■ **Problem**
Figure out how many lines of the listing include the string "جديدة"; the reply is only that number.

■ **Records shown**
+===+

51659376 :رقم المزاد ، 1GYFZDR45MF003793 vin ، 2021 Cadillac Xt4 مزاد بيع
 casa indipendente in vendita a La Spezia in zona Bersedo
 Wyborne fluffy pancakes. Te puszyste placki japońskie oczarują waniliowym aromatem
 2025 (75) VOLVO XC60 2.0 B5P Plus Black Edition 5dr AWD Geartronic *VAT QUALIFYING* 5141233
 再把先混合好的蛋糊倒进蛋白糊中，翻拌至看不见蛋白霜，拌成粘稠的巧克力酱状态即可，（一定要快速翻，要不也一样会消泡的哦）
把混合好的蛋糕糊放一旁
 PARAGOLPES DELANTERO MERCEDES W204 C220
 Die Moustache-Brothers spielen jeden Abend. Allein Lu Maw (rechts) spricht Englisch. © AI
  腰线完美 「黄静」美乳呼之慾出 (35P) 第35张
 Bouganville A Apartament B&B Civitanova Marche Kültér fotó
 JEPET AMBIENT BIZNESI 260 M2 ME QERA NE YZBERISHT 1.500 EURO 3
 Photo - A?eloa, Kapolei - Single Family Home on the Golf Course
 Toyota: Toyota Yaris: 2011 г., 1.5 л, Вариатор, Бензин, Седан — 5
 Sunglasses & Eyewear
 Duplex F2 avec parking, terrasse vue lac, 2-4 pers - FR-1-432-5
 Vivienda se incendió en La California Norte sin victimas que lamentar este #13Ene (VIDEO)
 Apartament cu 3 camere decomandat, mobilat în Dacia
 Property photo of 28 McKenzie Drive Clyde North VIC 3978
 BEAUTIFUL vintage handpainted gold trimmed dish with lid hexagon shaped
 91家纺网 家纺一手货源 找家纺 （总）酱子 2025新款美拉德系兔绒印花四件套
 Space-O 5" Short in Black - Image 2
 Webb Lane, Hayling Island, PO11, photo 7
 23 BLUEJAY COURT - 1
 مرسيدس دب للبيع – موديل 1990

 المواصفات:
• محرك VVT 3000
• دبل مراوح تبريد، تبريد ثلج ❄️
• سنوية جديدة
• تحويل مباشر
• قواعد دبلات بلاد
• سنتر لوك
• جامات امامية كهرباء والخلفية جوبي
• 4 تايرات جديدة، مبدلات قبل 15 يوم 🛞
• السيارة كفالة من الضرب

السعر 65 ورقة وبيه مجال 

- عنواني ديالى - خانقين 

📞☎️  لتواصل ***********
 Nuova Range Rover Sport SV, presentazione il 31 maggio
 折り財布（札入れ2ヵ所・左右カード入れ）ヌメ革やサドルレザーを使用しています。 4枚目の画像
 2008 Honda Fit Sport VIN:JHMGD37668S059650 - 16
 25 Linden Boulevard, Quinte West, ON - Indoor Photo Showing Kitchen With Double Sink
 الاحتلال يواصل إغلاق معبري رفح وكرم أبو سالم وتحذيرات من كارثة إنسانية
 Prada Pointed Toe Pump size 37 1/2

+===+

■ **Output below**
2